Guedes disse que o Fundo para Financiamento Estudantil (FIES) foi um “desastre” por dar “bolsa pra todo mundo”. A fala ocorreu em uma reunião quando Guedes supostamente não sabia que estava sendo gravado.

“É com muita dor que eu digo isso. Se o Brasil não tivesse uma estrutura de altar em privilégios e se o Brasil não fosse um país que é acometido por um racismo estrutural extremamente nefasto, certamente Paulo Guedes jamais seria Ministro da Economia”, argumenta o professor da USP.

Maria Ines Fini, pedagoga e ex-presidente do Instituto Nacional de Estudos e Pesquisas Educacionais Anísio Teixeira (INEP), classifica a fala de Guedes como injusta e desrespeitosa.

“Do meu ponto de vista, é absolutamente injusto e [uma] falta de respeito com os jovens brasileiros e suas famílias, principalmente com as condições que determinam sua vulnerabilidade.

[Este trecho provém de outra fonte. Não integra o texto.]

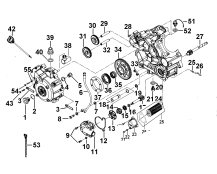 Kurbelgehäuse rechts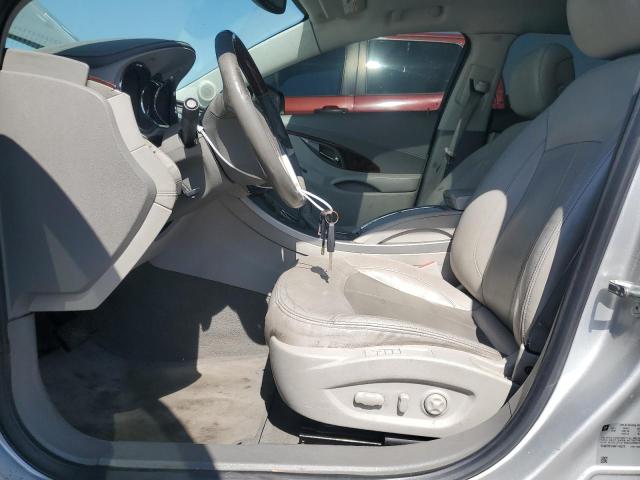 1G4GE5EV4AF140273 - 2010 BUICK LACROSSE CXS SILVER photo 7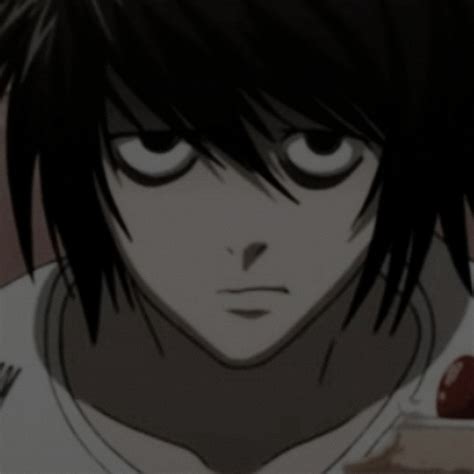 Aesthetic Anime L Pfp Death Note
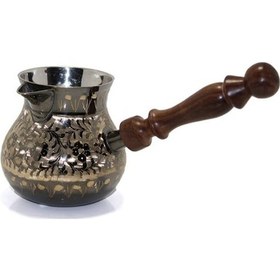 Resim Periboia Pirinç Cezve 4'' İnç Model 3 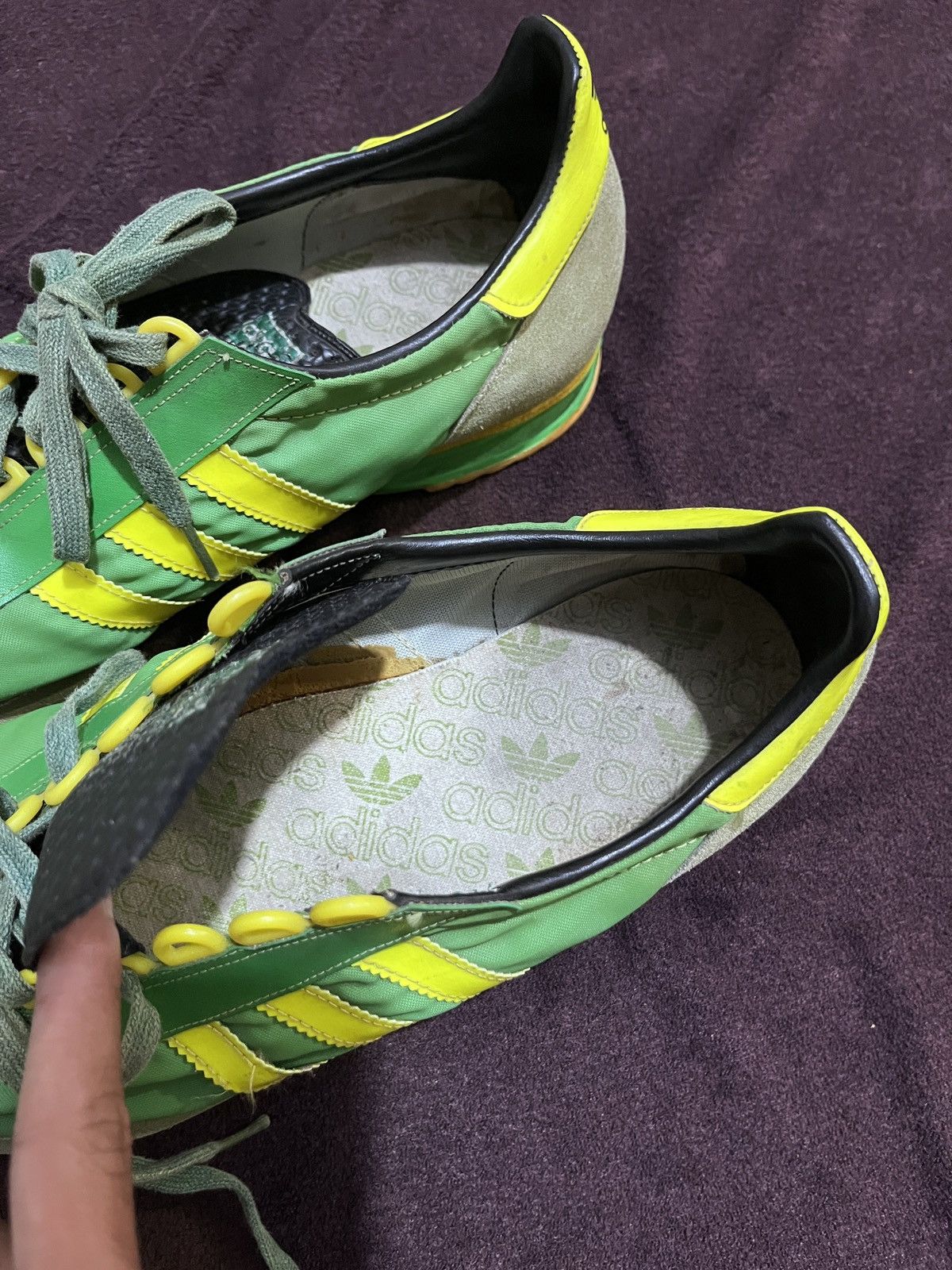 Adidas 1970s ADIDAS SL76 SUPER RARE Size US 10 / EU 43 - 8 Thumbnail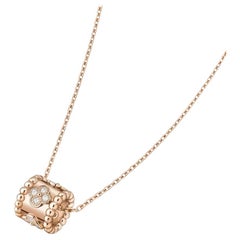 Van Cleef & Arpels Perlée clovers pendant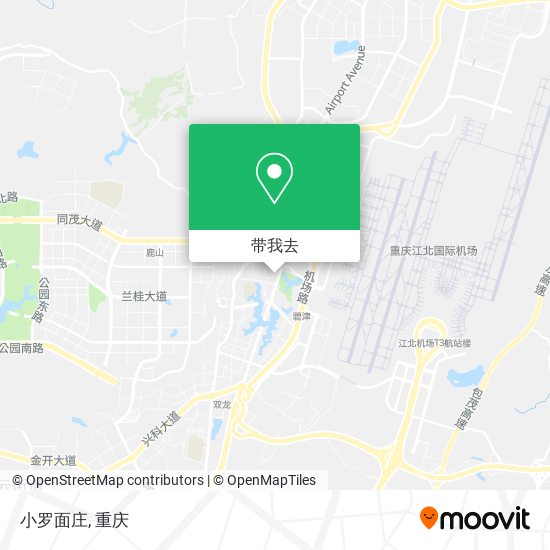 小罗面庄地图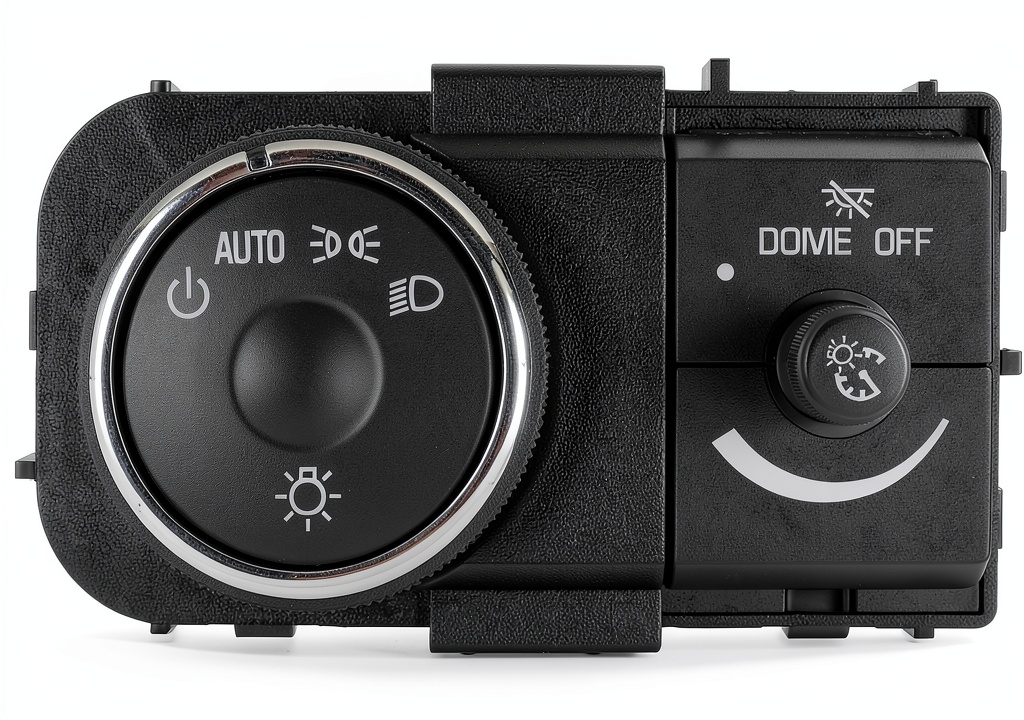 Installing Sawyer Auto headlight switch in a car dashboard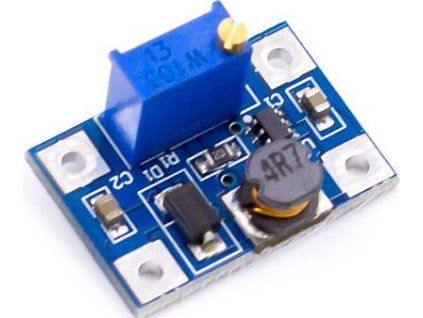 Napájecí modul, step-up měnič 2A s SX1308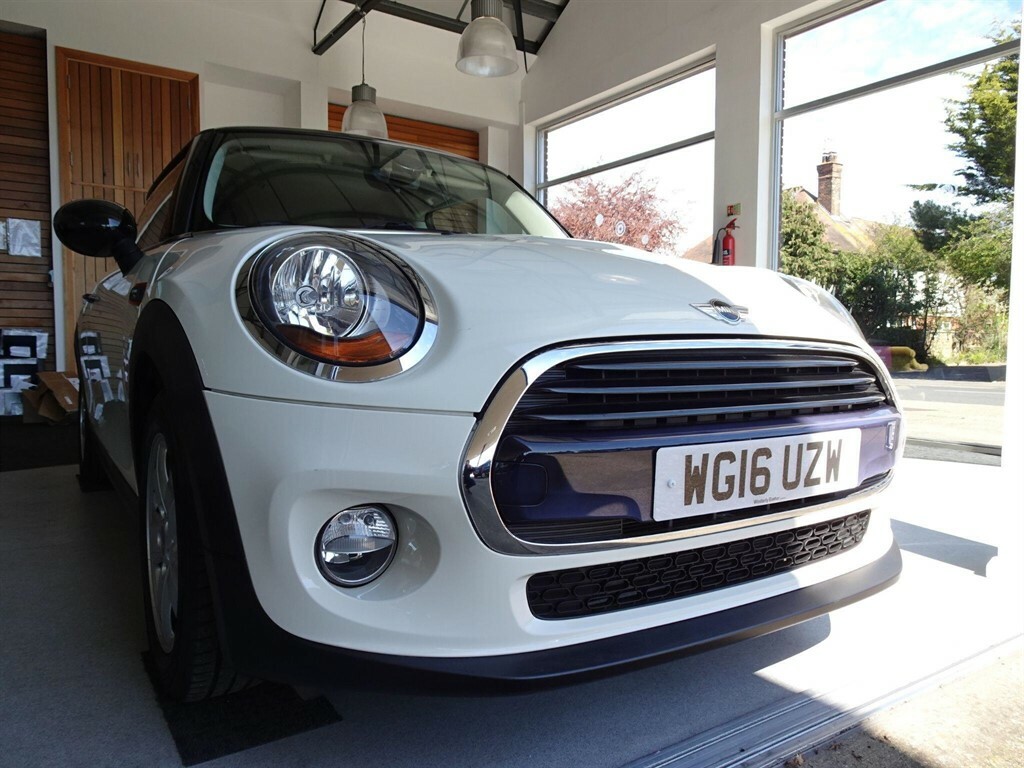 Mini Hatch 1.5 Cooper Hatchback Euro 6 Ss WG16UZW White #5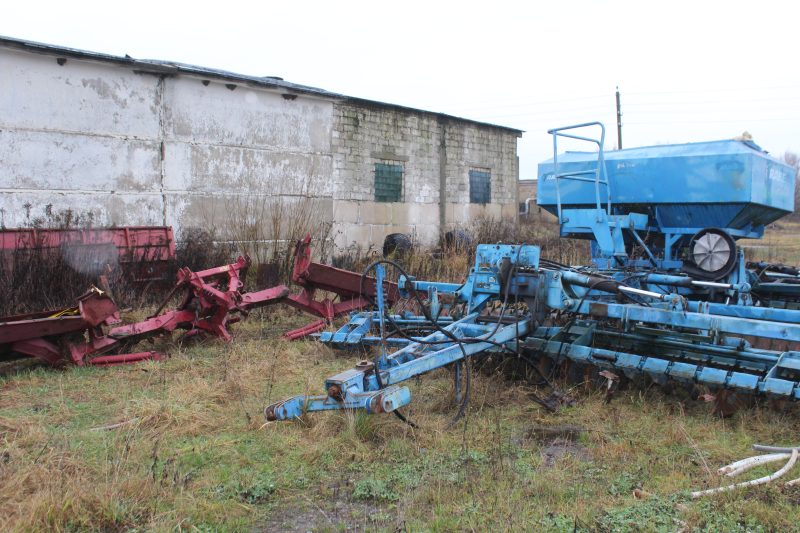 Зима близко! Как справляются с постановкой техники на хранение в КСУП "Самотевичи Агро"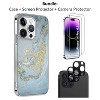 SaharaCase iPhone 14 Pro 6.1" Bundle Series Case with Tempered Glass Screen and Camera Protector - 2 of 4
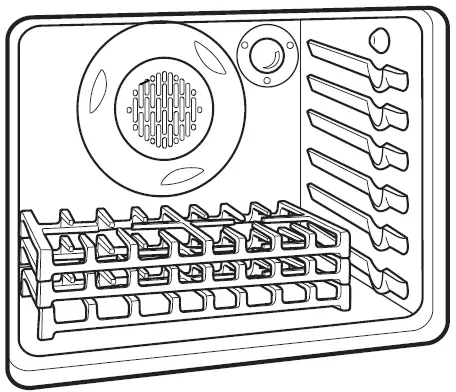 GE APPLIANCES JGBS10 Free Standing Gas Range 27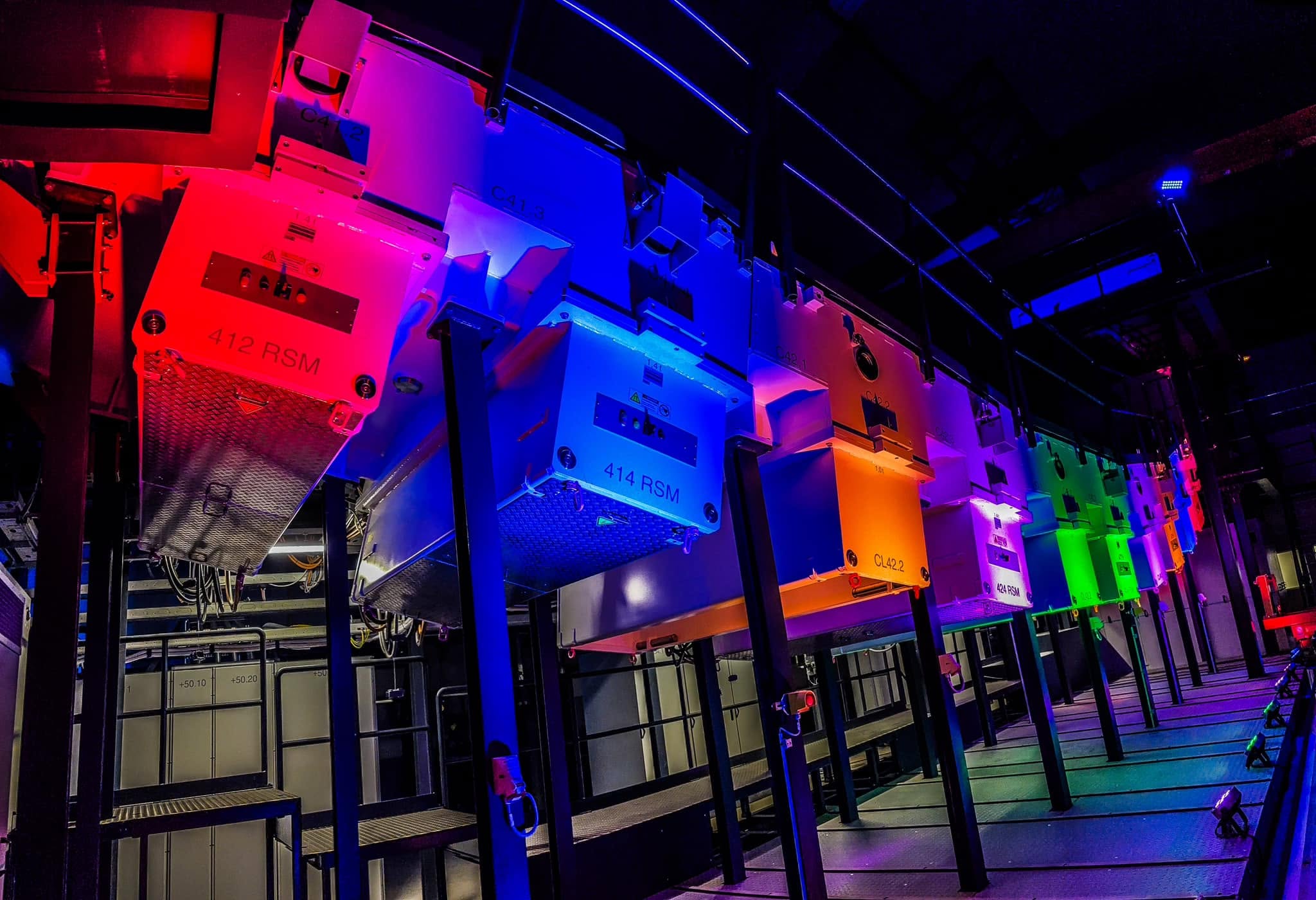 ASL-RENT realisatie - Technical lighting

Dizer que o Governo Federal jogou dinheiro fora, acolhendo de maneira compensatória, porque não podia oferecer vagas para todos na rede pública, acolhendo esses alunos no projeto estudantil, considero extremamente inoportuna as afirmações do senhor ministro”, opina Fini.

Daniel Cara destaca três políticas públicas de ensino à educação superior que foram implementadas: FIES, ProUni e cotas.

“Concretamente, FIES, ProUni e principalmente, a política de cotas, eles têm significado uma mudança total na estrutura da formação da ciência, na estrutura da pesquisa no Brasil. É uma revolução que não é silenciosa, é uma revolução que muitas pessoas não percebem, mas logo logo a gente vai poder dizer que figuras como Paulo Guedes, jamais vão ser ministros na República Federativa do Brasil.”